Coconut Chia Pudding – With Winter Spiced Berries
For the chia pudding:
200 ml full fat coconut milk – organic if possible
2 tbsp chia seeds (whole seeds)
For the berry compote:
1 cup blackberries – fresh or frozen
1 tsp of ground cinnamon
1-2 star anise (depending on size of the star)
1 tbsp pure maple syrup
To make the pudding; mix coconut milk and chia seeds together in a small bowl. Make sure it is well mixed together and stir a few more times over the next five min, to remove any lumps, as the seeds start to absorb the liquid. Then move to the fridge and let it set over a few hours.

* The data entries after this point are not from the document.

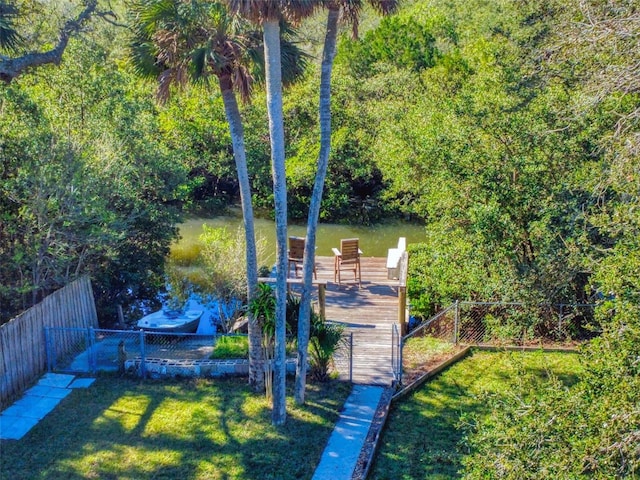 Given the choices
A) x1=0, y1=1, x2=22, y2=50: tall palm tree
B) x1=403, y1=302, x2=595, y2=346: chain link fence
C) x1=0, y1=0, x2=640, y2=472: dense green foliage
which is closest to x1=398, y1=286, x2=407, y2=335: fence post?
x1=403, y1=302, x2=595, y2=346: chain link fence

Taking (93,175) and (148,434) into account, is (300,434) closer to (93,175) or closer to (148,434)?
(148,434)

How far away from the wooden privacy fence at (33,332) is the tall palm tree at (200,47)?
429 centimetres

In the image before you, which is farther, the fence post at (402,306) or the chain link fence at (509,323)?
the fence post at (402,306)

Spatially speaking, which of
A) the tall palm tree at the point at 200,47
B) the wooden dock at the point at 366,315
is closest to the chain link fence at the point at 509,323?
the wooden dock at the point at 366,315

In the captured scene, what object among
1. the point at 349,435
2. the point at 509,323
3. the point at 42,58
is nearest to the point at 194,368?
the point at 349,435

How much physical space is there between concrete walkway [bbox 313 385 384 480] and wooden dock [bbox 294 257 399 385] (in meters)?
0.56

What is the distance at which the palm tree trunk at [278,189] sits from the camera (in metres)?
9.81

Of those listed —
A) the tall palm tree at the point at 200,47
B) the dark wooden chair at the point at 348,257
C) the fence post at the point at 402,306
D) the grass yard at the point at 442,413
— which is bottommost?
the grass yard at the point at 442,413

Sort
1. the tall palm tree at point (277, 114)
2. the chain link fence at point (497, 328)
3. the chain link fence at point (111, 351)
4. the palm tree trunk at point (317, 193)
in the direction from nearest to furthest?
1. the tall palm tree at point (277, 114)
2. the palm tree trunk at point (317, 193)
3. the chain link fence at point (111, 351)
4. the chain link fence at point (497, 328)

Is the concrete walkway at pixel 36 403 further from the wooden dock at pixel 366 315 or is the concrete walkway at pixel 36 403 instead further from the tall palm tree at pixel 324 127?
the wooden dock at pixel 366 315

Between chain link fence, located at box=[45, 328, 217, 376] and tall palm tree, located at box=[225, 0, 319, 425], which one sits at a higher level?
tall palm tree, located at box=[225, 0, 319, 425]

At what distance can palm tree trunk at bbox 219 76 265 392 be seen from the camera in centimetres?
1156

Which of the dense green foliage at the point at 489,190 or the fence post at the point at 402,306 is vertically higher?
the dense green foliage at the point at 489,190

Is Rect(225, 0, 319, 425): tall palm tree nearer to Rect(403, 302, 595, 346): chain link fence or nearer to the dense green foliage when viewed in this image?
the dense green foliage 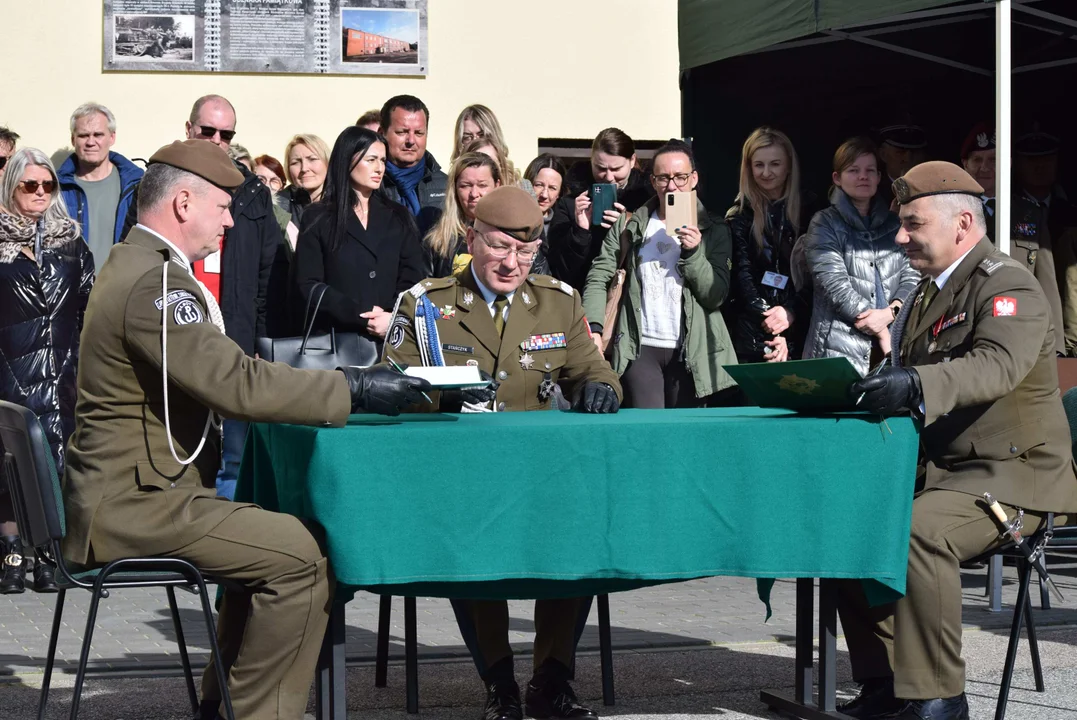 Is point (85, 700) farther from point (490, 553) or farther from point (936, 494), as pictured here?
point (936, 494)

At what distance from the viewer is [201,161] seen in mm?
4055

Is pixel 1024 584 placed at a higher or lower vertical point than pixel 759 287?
lower

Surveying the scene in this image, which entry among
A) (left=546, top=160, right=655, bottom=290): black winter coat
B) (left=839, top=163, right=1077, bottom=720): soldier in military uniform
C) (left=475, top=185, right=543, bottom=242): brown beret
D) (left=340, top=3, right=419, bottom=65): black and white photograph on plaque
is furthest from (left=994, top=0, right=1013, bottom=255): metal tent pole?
(left=340, top=3, right=419, bottom=65): black and white photograph on plaque

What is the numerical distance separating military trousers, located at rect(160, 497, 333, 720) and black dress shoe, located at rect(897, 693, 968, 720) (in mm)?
1746

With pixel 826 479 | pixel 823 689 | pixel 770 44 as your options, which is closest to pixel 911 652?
pixel 823 689

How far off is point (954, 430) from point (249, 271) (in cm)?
370

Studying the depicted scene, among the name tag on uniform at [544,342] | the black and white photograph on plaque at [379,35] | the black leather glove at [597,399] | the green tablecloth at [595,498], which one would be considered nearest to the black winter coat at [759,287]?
the name tag on uniform at [544,342]

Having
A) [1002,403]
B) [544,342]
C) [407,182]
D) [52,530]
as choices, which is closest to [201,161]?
[52,530]

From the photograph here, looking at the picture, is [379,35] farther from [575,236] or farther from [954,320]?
[954,320]

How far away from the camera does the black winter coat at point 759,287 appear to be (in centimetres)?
747

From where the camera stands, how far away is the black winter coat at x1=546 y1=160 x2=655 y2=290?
7.60 metres

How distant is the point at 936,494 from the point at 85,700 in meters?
2.79

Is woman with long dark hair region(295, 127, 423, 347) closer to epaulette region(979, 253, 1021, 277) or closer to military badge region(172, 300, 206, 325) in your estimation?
military badge region(172, 300, 206, 325)

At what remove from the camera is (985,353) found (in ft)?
14.5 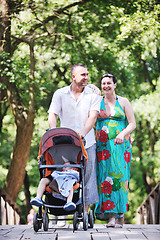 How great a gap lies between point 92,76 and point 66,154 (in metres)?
8.04

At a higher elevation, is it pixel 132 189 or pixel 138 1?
pixel 138 1

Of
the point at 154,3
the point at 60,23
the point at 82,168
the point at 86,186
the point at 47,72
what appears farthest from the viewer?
the point at 47,72

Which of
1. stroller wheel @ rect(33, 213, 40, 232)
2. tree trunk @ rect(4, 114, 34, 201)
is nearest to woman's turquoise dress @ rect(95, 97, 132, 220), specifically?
stroller wheel @ rect(33, 213, 40, 232)

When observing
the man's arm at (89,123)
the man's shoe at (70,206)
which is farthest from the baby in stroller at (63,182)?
the man's arm at (89,123)

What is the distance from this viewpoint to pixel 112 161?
6.26 meters

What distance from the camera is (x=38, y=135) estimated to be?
1805 centimetres

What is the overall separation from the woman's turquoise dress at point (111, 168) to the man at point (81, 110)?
0.34 metres

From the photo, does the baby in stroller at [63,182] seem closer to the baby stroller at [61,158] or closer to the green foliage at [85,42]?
the baby stroller at [61,158]

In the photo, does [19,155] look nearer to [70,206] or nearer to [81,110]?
[81,110]

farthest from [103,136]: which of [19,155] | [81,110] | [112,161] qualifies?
[19,155]

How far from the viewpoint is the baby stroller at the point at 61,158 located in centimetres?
523

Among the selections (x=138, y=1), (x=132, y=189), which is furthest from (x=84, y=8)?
(x=132, y=189)

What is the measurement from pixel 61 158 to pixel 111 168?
3.75 feet

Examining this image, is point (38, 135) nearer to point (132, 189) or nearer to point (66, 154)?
point (132, 189) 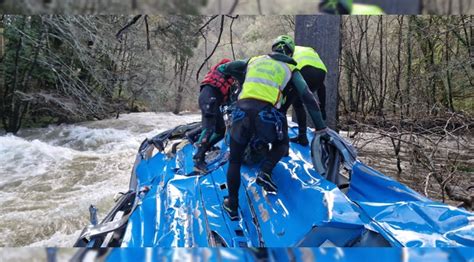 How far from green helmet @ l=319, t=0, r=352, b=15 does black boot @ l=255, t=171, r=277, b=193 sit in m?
0.66

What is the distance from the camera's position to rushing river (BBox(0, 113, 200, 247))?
5.13 feet

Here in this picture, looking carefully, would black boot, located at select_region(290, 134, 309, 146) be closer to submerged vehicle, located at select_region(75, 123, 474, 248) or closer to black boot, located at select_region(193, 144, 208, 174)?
submerged vehicle, located at select_region(75, 123, 474, 248)

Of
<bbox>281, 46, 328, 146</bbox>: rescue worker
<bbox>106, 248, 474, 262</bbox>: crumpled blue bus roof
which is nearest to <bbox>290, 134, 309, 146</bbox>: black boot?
<bbox>281, 46, 328, 146</bbox>: rescue worker

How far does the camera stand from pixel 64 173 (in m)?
2.29

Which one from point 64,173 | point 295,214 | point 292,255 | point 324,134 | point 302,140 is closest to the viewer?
point 292,255

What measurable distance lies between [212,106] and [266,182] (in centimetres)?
48

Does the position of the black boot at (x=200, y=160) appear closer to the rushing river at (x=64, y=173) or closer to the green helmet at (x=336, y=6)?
the rushing river at (x=64, y=173)

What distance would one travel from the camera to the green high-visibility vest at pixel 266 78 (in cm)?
91

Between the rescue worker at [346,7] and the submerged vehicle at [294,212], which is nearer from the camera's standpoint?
the rescue worker at [346,7]

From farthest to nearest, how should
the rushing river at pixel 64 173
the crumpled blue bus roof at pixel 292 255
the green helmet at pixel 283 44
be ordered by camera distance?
the rushing river at pixel 64 173 → the green helmet at pixel 283 44 → the crumpled blue bus roof at pixel 292 255

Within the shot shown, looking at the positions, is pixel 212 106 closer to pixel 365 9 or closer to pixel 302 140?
pixel 302 140

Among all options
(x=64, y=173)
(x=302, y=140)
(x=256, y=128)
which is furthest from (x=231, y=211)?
(x=64, y=173)

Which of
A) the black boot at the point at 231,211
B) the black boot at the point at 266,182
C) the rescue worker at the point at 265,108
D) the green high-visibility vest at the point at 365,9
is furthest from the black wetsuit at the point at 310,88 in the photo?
the green high-visibility vest at the point at 365,9

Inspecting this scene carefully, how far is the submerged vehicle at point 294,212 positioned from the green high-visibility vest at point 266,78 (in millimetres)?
206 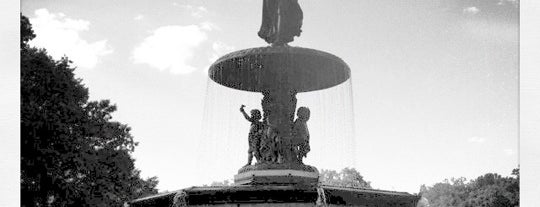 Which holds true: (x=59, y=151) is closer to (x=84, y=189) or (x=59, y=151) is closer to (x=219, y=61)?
(x=84, y=189)

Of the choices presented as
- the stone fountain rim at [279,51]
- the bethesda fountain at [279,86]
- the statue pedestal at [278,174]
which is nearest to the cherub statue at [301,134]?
the bethesda fountain at [279,86]

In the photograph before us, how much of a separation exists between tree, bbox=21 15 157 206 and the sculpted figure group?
36.2 ft

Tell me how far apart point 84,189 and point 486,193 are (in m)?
28.5

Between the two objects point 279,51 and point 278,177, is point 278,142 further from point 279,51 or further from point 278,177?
point 279,51

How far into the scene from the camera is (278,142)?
28.0ft

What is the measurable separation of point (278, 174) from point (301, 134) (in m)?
0.76

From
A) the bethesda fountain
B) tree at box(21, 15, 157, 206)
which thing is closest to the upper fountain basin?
the bethesda fountain

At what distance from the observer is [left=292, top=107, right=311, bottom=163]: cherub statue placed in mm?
8586

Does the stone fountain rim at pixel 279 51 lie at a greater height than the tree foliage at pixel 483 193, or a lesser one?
greater

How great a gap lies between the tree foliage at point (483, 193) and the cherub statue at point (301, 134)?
23.2 meters

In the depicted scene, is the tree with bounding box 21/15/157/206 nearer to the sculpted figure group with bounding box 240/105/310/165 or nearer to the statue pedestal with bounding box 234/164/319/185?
the sculpted figure group with bounding box 240/105/310/165

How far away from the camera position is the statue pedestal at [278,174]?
8.17 m

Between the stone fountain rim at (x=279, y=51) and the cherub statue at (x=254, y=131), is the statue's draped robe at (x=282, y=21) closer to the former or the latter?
the stone fountain rim at (x=279, y=51)

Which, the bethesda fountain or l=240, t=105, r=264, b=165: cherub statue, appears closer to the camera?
the bethesda fountain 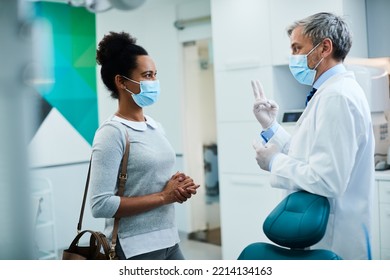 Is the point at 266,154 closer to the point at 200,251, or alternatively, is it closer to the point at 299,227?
the point at 299,227

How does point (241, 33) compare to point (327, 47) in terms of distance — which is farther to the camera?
point (241, 33)

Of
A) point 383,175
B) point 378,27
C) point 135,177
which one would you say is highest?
point 378,27

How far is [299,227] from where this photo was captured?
57.6 inches

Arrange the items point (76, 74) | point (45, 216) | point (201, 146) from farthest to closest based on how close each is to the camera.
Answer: point (201, 146)
point (76, 74)
point (45, 216)

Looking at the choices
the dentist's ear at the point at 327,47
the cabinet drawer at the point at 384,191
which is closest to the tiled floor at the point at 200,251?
Result: the cabinet drawer at the point at 384,191

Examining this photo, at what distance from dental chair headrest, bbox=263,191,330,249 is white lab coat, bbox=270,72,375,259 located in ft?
0.13

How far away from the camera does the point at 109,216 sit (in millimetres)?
1571

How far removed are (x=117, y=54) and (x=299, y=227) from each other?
2.64 feet

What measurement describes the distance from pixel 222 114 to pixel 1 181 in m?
1.92

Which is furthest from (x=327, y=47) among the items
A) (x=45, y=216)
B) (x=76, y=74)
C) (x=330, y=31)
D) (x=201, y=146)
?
(x=201, y=146)

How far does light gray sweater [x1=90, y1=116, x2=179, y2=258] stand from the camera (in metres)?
1.54

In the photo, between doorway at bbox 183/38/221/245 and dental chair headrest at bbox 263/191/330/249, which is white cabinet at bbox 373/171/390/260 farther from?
doorway at bbox 183/38/221/245

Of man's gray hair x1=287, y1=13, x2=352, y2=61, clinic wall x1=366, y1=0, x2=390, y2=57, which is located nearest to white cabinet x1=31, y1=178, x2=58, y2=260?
man's gray hair x1=287, y1=13, x2=352, y2=61

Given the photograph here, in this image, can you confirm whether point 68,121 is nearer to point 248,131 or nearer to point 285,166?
point 248,131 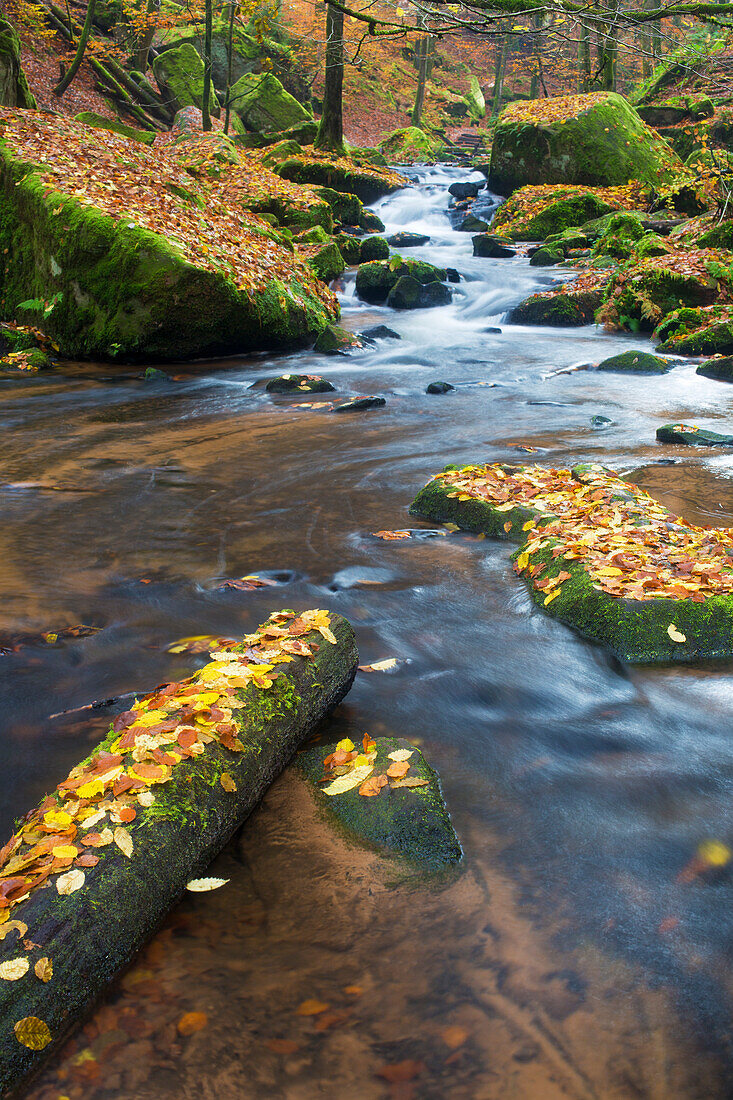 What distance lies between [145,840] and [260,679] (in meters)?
0.86

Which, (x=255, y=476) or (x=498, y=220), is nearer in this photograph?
(x=255, y=476)

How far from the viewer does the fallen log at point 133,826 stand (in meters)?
2.04

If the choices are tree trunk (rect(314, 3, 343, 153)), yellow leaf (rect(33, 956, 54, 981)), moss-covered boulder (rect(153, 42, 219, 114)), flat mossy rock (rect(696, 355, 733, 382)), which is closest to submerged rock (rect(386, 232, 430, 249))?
tree trunk (rect(314, 3, 343, 153))

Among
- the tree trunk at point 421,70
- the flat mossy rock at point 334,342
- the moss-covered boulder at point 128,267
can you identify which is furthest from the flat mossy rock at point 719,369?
the tree trunk at point 421,70

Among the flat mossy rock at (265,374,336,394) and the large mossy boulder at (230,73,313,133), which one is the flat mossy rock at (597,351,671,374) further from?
the large mossy boulder at (230,73,313,133)

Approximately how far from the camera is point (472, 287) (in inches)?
674

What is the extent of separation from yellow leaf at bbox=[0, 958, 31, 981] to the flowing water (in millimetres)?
266

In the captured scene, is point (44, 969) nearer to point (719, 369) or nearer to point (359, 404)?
point (359, 404)

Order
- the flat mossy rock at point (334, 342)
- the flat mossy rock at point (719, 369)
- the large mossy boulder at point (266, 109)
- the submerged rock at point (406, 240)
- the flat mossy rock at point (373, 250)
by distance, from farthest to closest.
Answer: the large mossy boulder at point (266, 109)
the submerged rock at point (406, 240)
the flat mossy rock at point (373, 250)
the flat mossy rock at point (334, 342)
the flat mossy rock at point (719, 369)

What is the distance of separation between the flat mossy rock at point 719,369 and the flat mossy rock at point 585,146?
13.7 meters

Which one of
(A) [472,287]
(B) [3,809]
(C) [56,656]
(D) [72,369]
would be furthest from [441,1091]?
(A) [472,287]

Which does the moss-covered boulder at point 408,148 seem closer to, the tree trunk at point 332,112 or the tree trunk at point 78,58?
the tree trunk at point 332,112

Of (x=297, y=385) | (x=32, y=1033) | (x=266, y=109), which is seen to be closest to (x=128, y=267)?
(x=297, y=385)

To make the berry compote; place the frozen (or fresh) berries in a small sauce pan. Add in maple syrup, ground cinnamon. Gently toss the berries in the maple syrup and spices until evenly coated. Add in the star anise. Bring it slowly to a simmer and let it simmer away for about 10 min until fruit is soft and the compote is fragrant.
Serve the chia pudding in small bowls with topped with the warm spiced berry compote.
N.B This dessert (or even breakfast!) is very filling and not very sweet. You can omit the maple syrup if you are looking for an even lower carbohydrate load.
P.S. I hope you don’t mind me throwing in a picture from the beautiful autumn we had. Worth a reminder of brighter days to come as the longest day of the year fast approaches.